### INPUT DATA:

########################################

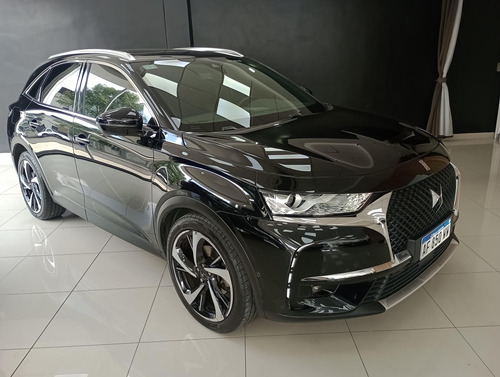 Ds7 Crossback 1.6 Rivoli Hdi 2023 Primera Mano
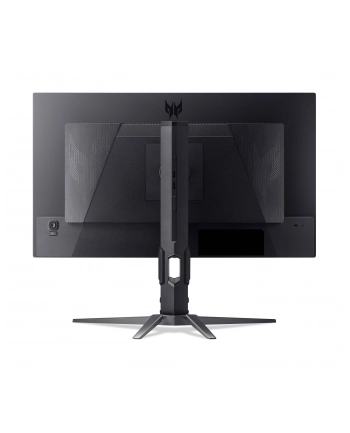 acer Monitor 26.5 cala Predator X27U X27UW3bmiiprx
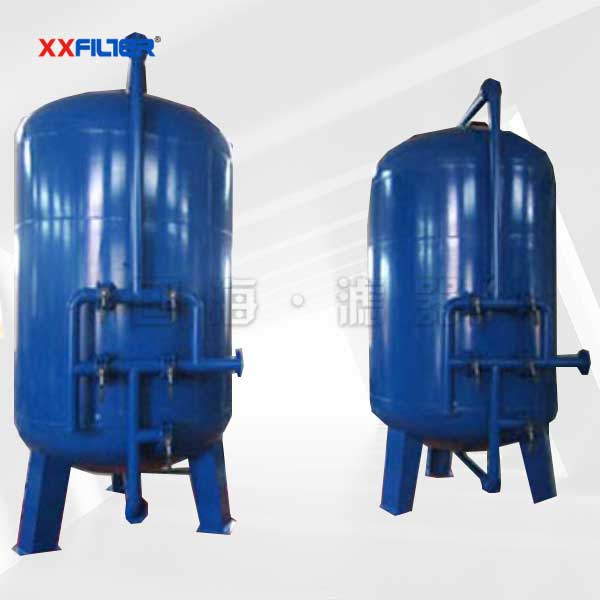 環保機械過濾器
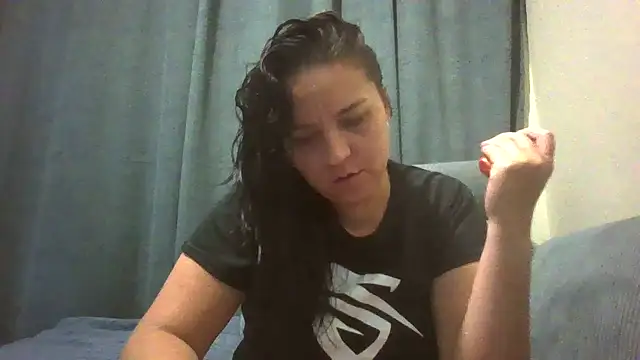 Snapshot of lilMissMarli chatting on March 29, 4:03 am lilMissMarli online show from March 29, 4:03 am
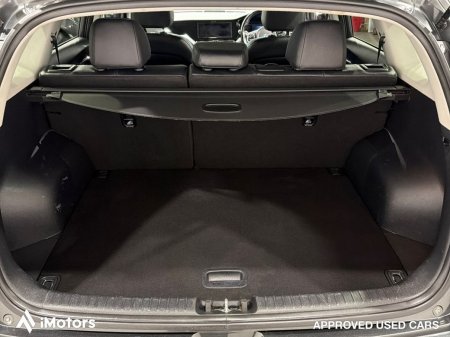 2021 Kia e-Niro - photo 14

########################################

### WORK INSTRUCTION:
Type the entries again verbatim. Drop the images.

### FINISHED EXERCISE:
 Ds7 Crossback 1.6 Rivoli Hdi 2023 Primera Mano
 acer Monitor 26.5 cala Predator X27U X27UW3bmiiprx
 環保機械過濾器
 Snapshot of lilMissMarli chatting on March 29, 4:03 am lilMissMarli online show from March 29, 4:03 am
 2021 Kia e-Niro - photo 14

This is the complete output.